Word for word, repeat the data; no picture should appear in the result.

> _Supplied material_:
◇ ◇ ◇ ◇ ◇
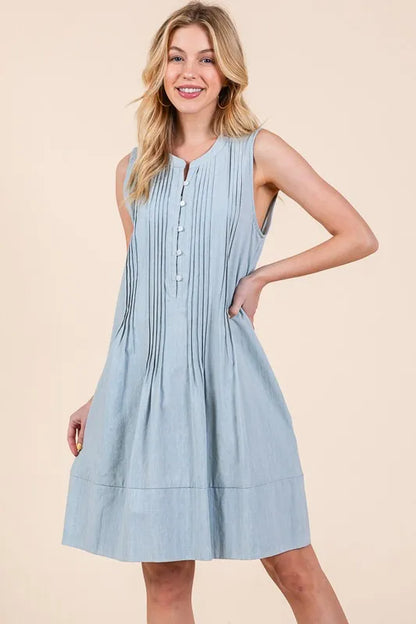 Lime 'N' Chili Denim Pintuck Detail Sleeveless Midi Dress - Fashorio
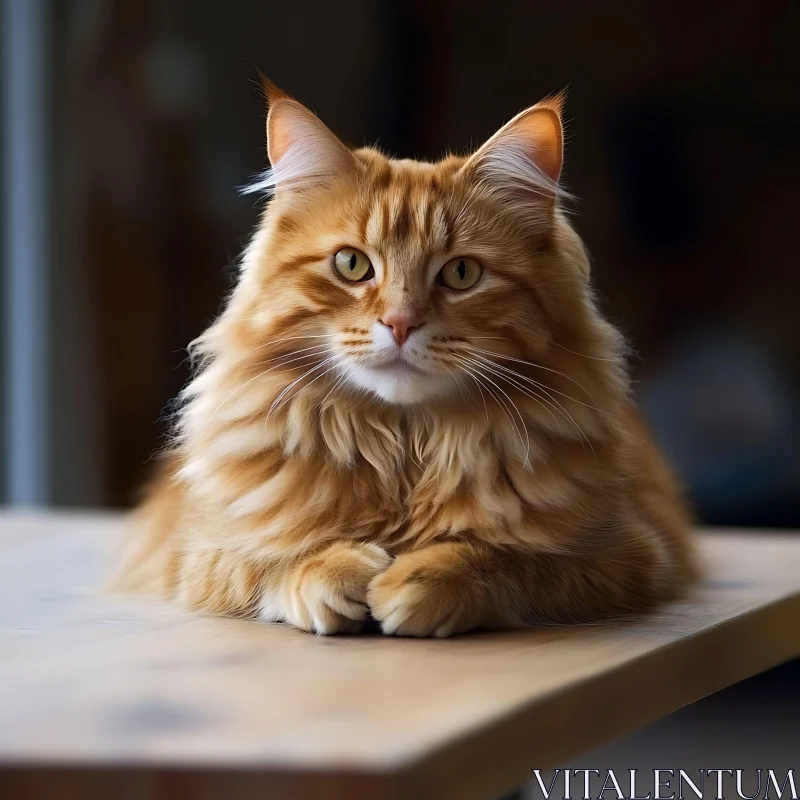 Regal Feline on Wooden Table AI Image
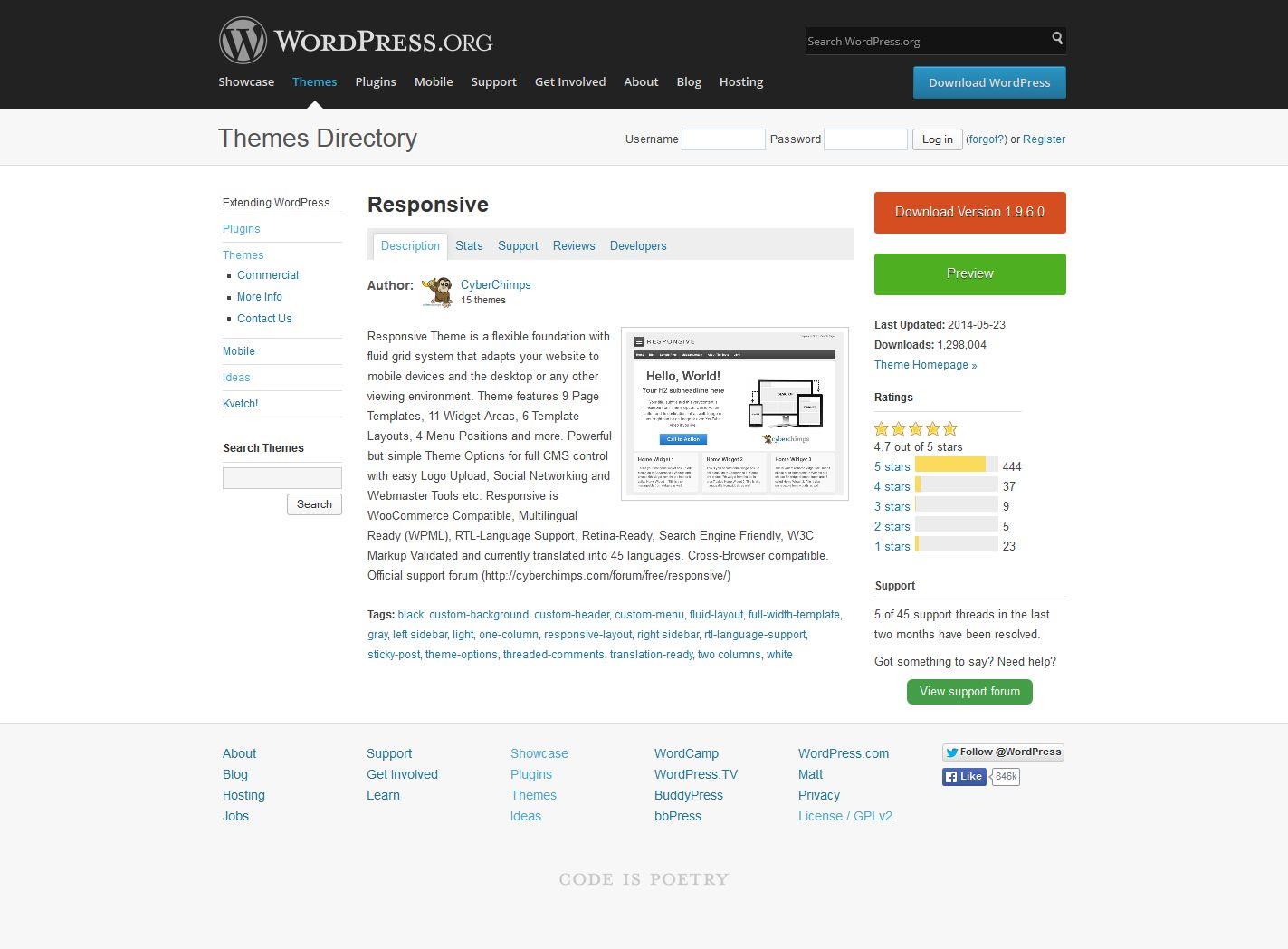WordPress Εγκατάσταση theme (1) Βήμα 1 ο : Επισκεπτόμαστε το διαδικτυακό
◇ ◇ ◇ ◇ ◇
> _Expected answer_:
 Lime 'N' Chili Denim Pintuck Detail Sleeveless Midi Dress - Fashorio
 Regal Feline on Wooden Table AI Image
WordPress Εγκατάσταση theme (1) Βήμα 1 ο : Επισκεπτόμαστε το διαδικτυακό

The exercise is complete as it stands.